Quite the spectacle in an otherwise somber law firm.
When Cris heard all the commotion and came out of his office, I stood up and he grinned from ear to ear, shook my hand, and was the first to say, “Congratulations, Counselor!”
Cris was the partner who hosted my welcome dinner at his house when I first moved to Beaumont, and he planned the party to celebrate my passing the Bar.
A devout Catholic, Cris was also the partner in the firm who bought fish dinners for everyone on Good Friday and made sure we all went to Red Mass every year, a Catholic service for the legal profession.
Cris was a good man. A kind-hearted man.
That’s why a few years later, when an elderly man whose case we had declined because he didn’t have a legitimate claim made an appointment to discuss it, Cris agreed to meet with him. Cris came out to greet the man and walked him back to his office, where the old man pulled a sawed-off shotgun out of a box he’d brought with him and shot Cris twice, as he was sitting down behind his desk.
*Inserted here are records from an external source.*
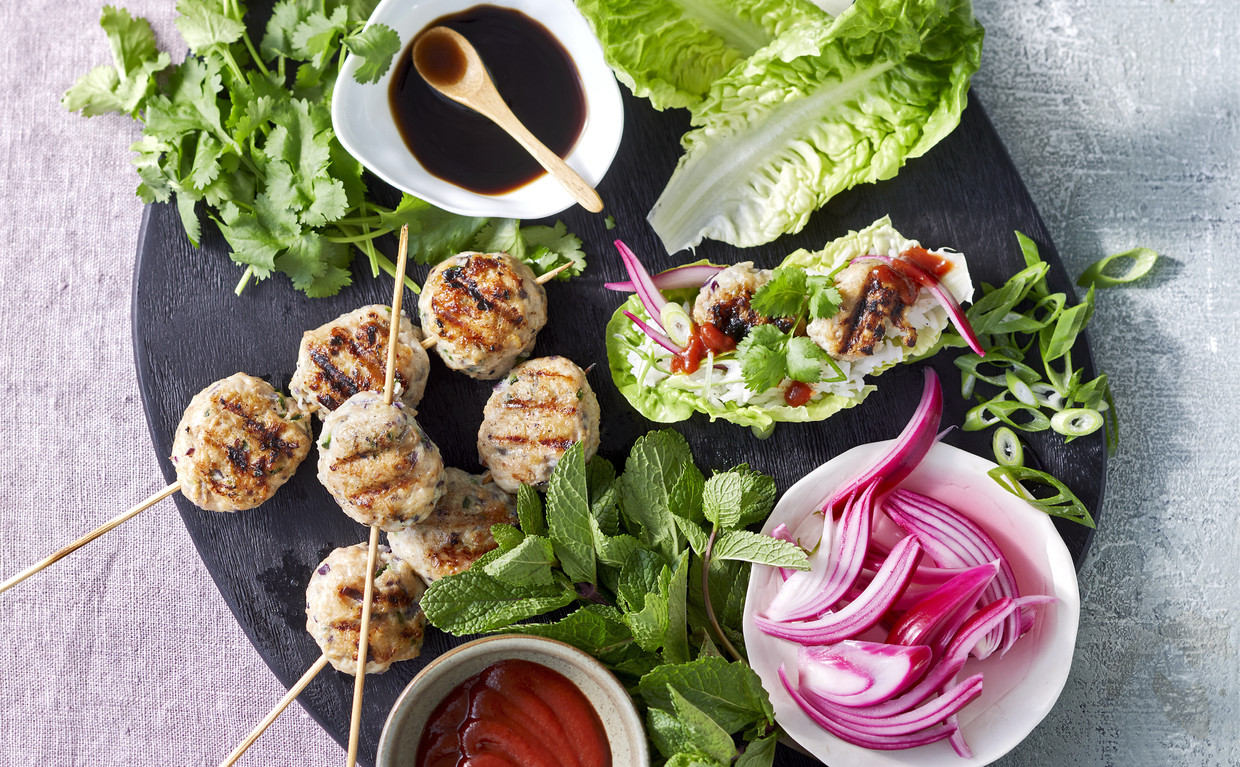 Thaise slawraps met kruidige ­kipgehaktballetjes Libelle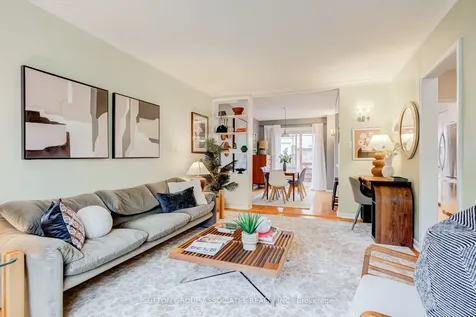 32A Vermont Avenue Toronto ON M6G 1X7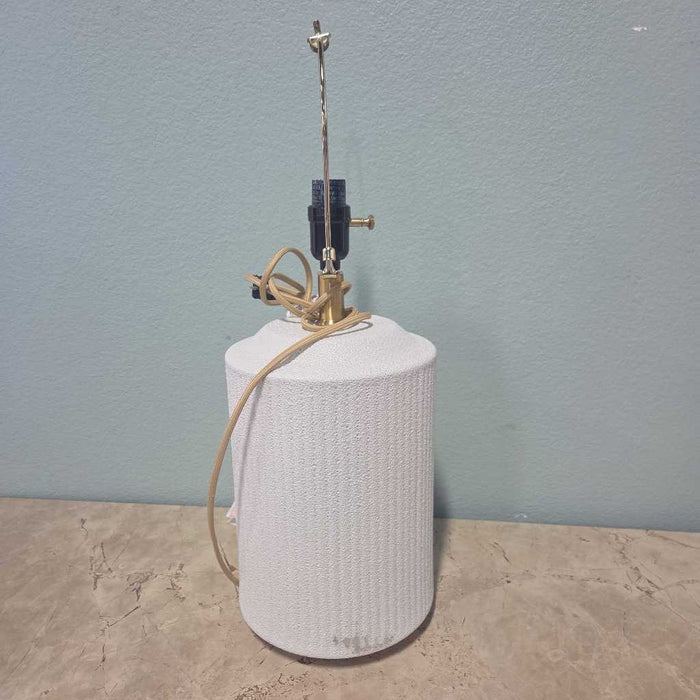 WHITE ROUGH CYLINDER LAMP AL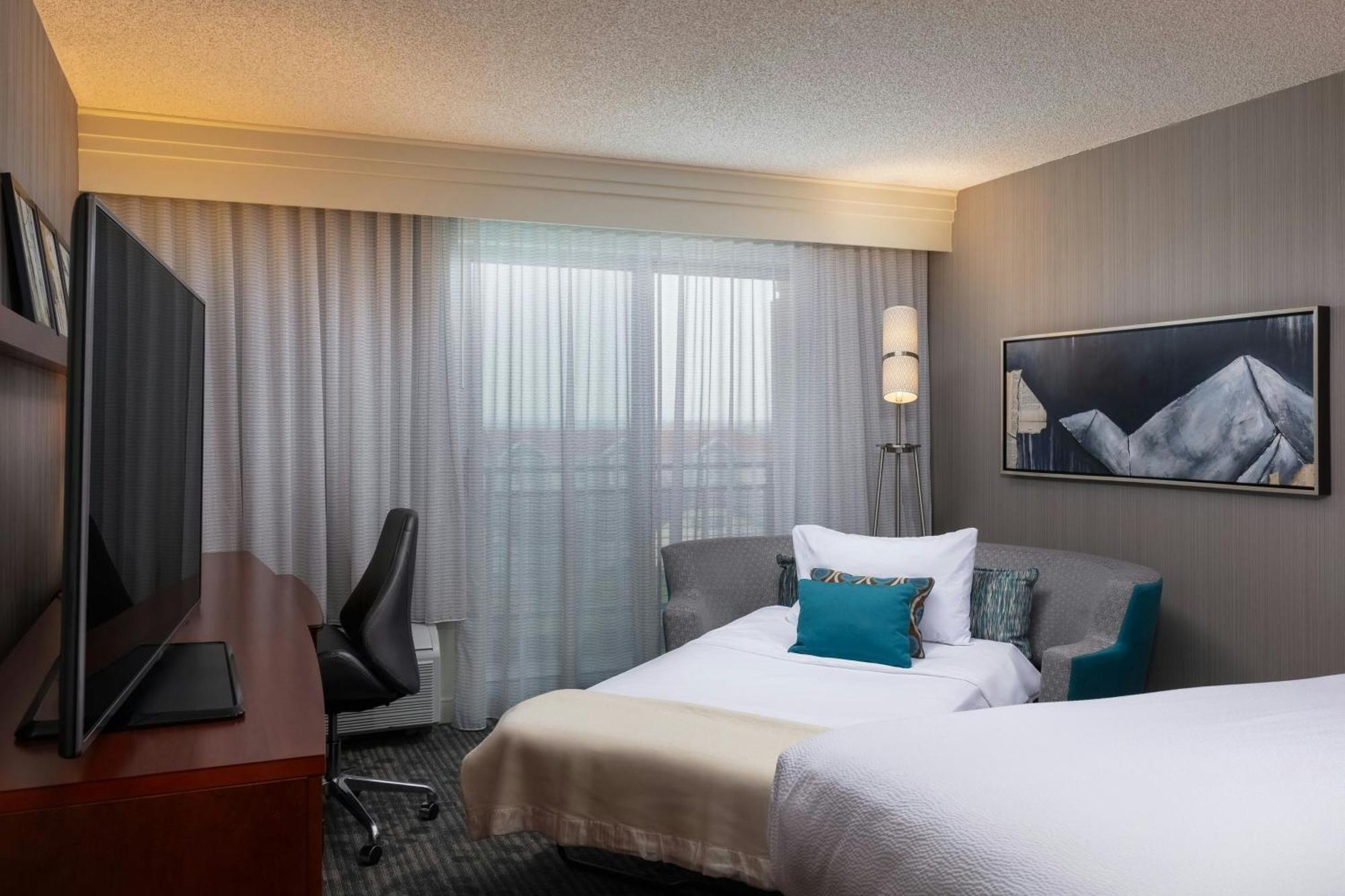 Courtyard By Marriott Denver Airport Exterior photo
When I heard that Cris had been killed, I dropped to my knees again, and thought about all the people who would’ve been working around Cris’s office at the time. People in the same spot where I’d stood earlier, and so many other times.
How terrified they must have been in that moment.
How haunted they must have been for days, weeks, months to come.
The unfathomable heartache of a wife and five children.
Children whose father had been a star football player at Baylor University, but felt football was too dangerous, so he encouraged his daughters and sons to play soccer. And he was the dad
who built the city complex of soccer fields so all the kids in Beaumont could play.
Death is hard enough, but when it’s so abrupt – and so intentionally violent – it’s horrific.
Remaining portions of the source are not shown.